Dataset excerpts:
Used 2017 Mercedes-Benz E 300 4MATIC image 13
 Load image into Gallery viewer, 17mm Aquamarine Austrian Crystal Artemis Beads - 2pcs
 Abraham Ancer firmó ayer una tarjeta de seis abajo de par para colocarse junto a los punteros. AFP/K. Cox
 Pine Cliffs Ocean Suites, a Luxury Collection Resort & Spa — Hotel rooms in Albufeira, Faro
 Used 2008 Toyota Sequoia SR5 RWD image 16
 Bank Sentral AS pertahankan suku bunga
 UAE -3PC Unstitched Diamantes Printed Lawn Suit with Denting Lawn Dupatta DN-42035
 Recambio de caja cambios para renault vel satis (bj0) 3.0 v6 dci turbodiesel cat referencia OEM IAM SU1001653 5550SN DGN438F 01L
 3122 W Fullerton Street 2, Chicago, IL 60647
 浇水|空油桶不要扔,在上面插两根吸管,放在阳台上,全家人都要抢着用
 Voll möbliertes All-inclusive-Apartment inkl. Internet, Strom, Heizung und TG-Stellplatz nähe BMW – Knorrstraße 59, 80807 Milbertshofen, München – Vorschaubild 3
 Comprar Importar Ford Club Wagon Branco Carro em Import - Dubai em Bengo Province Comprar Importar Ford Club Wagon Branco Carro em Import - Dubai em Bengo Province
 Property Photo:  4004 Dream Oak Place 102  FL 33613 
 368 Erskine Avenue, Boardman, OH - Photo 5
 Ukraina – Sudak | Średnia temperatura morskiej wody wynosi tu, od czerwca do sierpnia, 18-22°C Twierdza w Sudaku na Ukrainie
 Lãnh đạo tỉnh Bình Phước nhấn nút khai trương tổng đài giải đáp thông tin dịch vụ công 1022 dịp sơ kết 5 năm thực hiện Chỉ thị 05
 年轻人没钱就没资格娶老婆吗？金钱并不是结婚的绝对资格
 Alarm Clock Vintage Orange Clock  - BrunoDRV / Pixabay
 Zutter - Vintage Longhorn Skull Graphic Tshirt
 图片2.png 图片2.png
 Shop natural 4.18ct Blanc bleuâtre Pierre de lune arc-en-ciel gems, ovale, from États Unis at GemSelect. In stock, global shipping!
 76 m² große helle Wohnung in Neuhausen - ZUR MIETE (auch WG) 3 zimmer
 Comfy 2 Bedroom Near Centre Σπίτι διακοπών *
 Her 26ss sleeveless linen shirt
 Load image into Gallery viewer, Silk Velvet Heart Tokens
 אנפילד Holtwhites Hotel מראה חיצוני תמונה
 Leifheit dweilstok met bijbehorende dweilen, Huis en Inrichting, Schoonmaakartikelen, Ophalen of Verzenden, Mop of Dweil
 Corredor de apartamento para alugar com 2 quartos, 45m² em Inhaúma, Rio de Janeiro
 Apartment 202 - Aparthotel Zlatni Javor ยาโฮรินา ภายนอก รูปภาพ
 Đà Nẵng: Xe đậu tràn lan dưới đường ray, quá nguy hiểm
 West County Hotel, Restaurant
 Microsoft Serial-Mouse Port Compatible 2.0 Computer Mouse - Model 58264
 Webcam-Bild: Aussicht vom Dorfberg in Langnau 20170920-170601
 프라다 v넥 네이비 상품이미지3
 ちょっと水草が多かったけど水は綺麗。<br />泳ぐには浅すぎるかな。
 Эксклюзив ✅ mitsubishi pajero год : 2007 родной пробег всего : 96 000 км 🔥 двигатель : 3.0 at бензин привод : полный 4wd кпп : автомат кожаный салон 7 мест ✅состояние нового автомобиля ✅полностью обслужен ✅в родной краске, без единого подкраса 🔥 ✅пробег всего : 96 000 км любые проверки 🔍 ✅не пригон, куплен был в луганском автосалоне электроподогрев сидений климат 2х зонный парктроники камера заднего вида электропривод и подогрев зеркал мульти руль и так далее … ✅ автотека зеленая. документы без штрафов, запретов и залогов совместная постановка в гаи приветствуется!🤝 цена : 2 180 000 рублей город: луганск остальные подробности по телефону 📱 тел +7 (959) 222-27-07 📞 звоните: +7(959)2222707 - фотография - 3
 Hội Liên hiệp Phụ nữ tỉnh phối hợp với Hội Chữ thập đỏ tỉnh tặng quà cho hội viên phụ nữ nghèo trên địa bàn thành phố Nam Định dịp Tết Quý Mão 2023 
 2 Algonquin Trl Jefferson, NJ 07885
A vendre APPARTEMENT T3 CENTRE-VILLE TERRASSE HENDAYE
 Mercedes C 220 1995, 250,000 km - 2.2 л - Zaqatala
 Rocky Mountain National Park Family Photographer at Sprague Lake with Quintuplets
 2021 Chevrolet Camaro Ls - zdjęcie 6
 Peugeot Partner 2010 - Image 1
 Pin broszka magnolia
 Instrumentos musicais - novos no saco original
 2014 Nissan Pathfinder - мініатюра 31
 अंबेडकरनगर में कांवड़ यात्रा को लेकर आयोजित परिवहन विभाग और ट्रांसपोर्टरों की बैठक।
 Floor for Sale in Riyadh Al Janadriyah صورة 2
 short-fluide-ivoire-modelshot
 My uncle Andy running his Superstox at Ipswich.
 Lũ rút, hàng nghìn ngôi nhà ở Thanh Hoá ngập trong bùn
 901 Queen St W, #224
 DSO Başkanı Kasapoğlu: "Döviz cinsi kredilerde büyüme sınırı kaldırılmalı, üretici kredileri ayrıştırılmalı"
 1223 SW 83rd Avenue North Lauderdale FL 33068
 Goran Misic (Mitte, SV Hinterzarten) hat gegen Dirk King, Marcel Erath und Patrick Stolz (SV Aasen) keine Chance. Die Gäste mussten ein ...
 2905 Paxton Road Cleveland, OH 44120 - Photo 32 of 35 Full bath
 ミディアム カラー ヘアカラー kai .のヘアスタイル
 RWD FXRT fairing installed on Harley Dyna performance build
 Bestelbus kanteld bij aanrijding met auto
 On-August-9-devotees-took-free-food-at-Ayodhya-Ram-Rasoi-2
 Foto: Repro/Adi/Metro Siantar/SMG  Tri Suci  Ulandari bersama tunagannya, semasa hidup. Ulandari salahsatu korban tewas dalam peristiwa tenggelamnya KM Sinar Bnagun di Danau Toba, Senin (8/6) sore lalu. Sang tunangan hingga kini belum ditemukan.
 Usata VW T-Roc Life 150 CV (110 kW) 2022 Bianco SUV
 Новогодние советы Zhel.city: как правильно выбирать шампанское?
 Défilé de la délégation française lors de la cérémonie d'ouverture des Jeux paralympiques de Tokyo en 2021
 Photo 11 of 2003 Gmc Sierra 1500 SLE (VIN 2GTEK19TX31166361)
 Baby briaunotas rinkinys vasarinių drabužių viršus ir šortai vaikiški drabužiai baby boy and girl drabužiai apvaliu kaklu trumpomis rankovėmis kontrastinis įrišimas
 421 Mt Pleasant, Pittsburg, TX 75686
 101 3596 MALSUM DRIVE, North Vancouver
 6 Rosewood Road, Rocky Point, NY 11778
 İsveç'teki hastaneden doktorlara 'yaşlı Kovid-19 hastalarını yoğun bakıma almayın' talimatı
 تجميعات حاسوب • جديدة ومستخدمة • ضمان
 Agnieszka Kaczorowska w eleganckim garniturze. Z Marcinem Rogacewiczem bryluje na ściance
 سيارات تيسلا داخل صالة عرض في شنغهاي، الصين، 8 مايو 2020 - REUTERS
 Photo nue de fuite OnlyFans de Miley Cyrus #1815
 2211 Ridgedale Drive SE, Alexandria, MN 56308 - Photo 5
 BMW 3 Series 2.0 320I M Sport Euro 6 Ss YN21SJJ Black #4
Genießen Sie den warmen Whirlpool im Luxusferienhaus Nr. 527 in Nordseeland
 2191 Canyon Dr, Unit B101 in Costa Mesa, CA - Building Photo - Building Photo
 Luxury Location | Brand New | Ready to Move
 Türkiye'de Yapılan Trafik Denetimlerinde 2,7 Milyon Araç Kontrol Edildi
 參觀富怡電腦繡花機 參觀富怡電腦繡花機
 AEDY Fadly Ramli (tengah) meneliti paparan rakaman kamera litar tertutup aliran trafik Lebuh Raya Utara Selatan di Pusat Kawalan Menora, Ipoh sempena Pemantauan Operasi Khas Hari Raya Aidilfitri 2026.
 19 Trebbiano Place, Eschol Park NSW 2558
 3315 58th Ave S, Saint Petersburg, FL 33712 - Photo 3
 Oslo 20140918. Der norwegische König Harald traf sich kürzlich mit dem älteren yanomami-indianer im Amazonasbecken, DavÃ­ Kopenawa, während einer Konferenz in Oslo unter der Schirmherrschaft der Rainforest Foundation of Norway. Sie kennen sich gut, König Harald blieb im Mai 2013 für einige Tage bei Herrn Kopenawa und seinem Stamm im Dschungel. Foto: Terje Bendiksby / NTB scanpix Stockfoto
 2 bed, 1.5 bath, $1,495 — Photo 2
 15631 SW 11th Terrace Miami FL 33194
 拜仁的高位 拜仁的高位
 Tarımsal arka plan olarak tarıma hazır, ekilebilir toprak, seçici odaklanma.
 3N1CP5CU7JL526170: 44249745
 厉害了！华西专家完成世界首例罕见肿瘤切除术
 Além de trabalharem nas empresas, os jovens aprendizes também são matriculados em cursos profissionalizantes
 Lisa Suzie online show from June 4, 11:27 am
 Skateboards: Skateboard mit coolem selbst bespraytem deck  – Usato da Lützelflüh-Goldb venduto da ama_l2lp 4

Action item:
Could you retype exactly the lines above, starting at the line that contains "图片2.png 图片2.png" and ending at the line that contains "Microsoft Serial-Mouse Port", and nothing more?

Output for this task:
 图片2.png 图片2.png
 Shop natural 4.18ct Blanc bleuâtre Pierre de lune arc-en-ciel gems, ovale, from États Unis at GemSelect. In stock, global shipping!
 76 m² große helle Wohnung in Neuhausen - ZUR MIETE (auch WG) 3 zimmer
 Comfy 2 Bedroom Near Centre Σπίτι διακοπών *
 Her 26ss sleeveless linen shirt
 Load image into Gallery viewer, Silk Velvet Heart Tokens
 אנפילד Holtwhites Hotel מראה חיצוני תמונה
 Leifheit dweilstok met bijbehorende dweilen, Huis en Inrichting, Schoonmaakartikelen, Ophalen of Verzenden, Mop of Dweil
 Corredor de apartamento para alugar com 2 quartos, 45m² em Inhaúma, Rio de Janeiro
 Apartment 202 - Aparthotel Zlatni Javor ยาโฮรินา ภายนอก รูปภาพ
 Đà Nẵng: Xe đậu tràn lan dưới đường ray, quá nguy hiểm
 West County Hotel, Restaurant
 Microsoft Serial-Mouse Port Compatible 2.0 Computer Mouse - Model 58264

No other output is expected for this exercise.